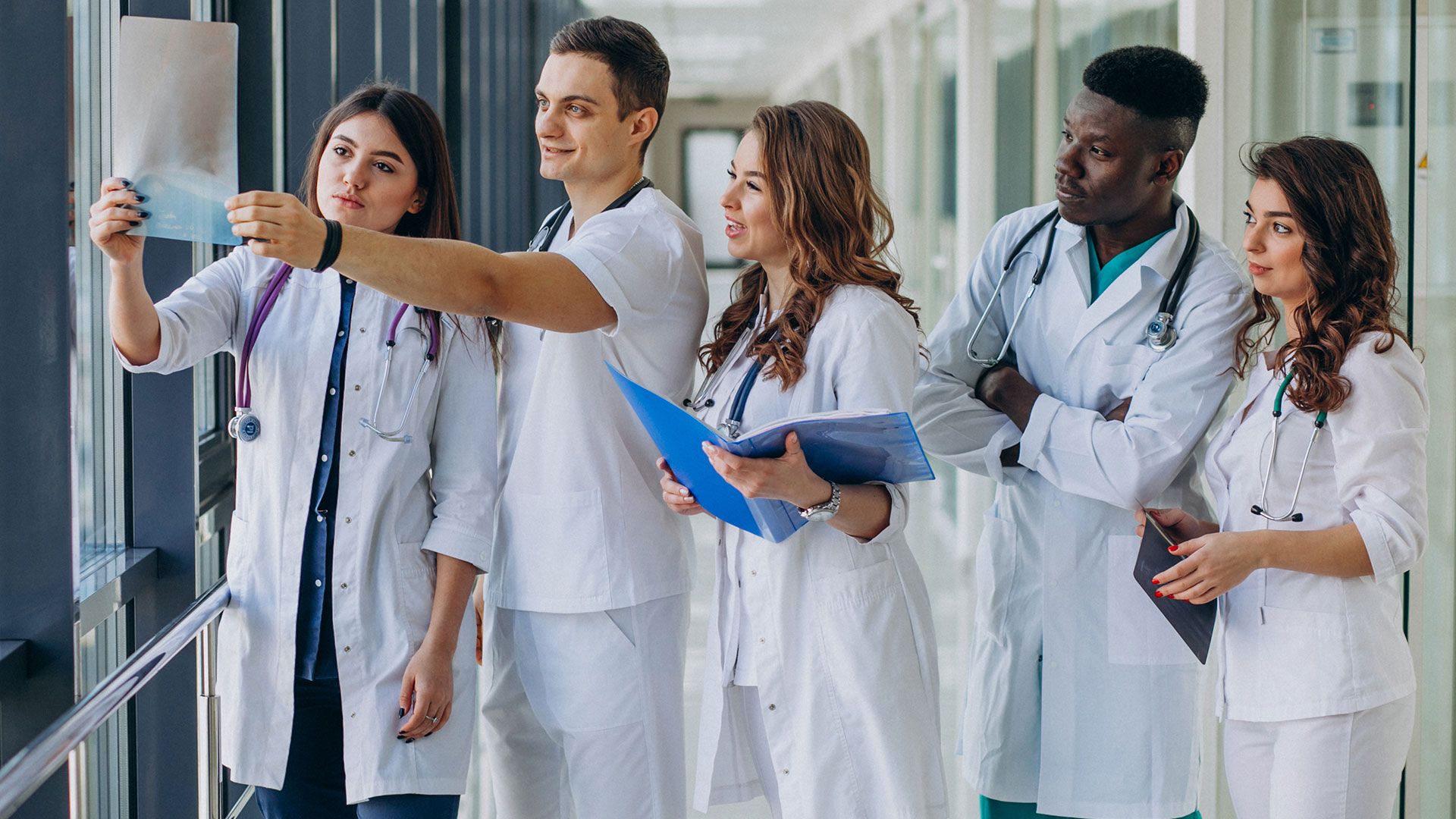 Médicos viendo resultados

⁂

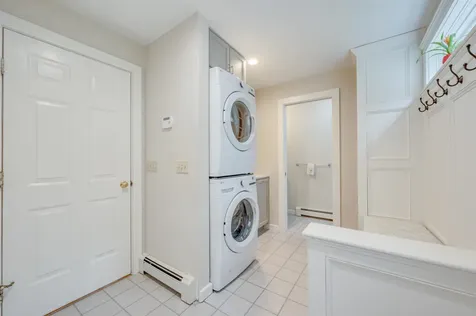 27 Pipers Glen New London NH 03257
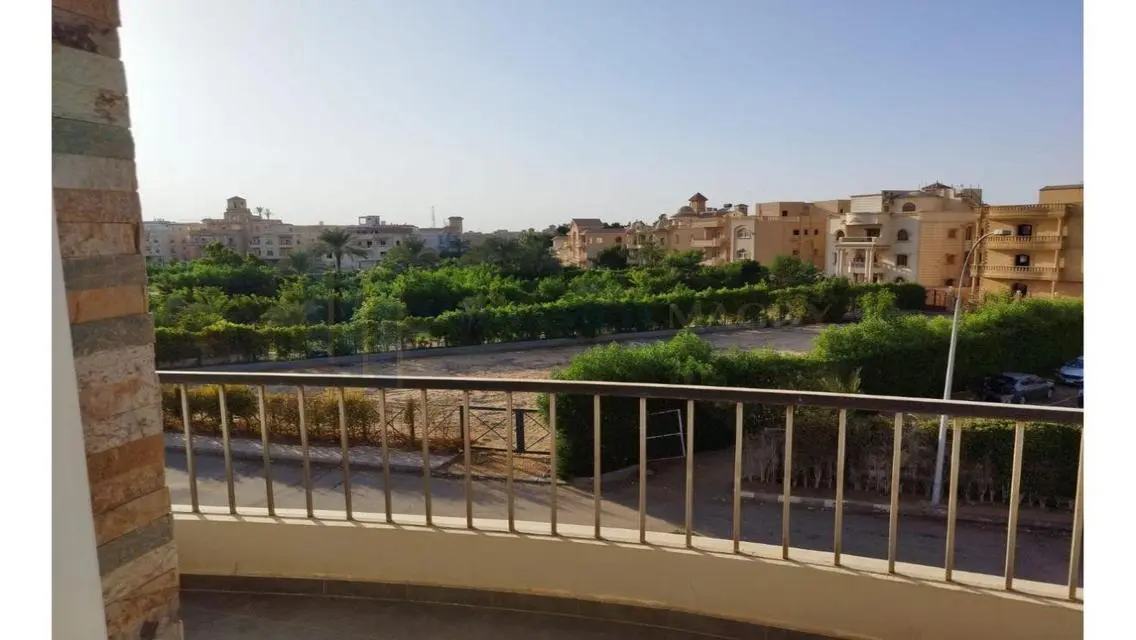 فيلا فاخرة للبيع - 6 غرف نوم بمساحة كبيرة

⁂

■ Required work ■
Starting at the line above that holds "27 Pipers Glen New London NH 03257", repeat every line exactly down to and including the line that holds "فيلا فاخرة للبيع - 6 غرف نوم بمساحة كبيرة", then stop. Do not carry over any pictures.

■ Exercise answer ■
 27 Pipers Glen New London NH 03257
 فيلا فاخرة للبيع - 6 غرف نوم بمساحة كبيرة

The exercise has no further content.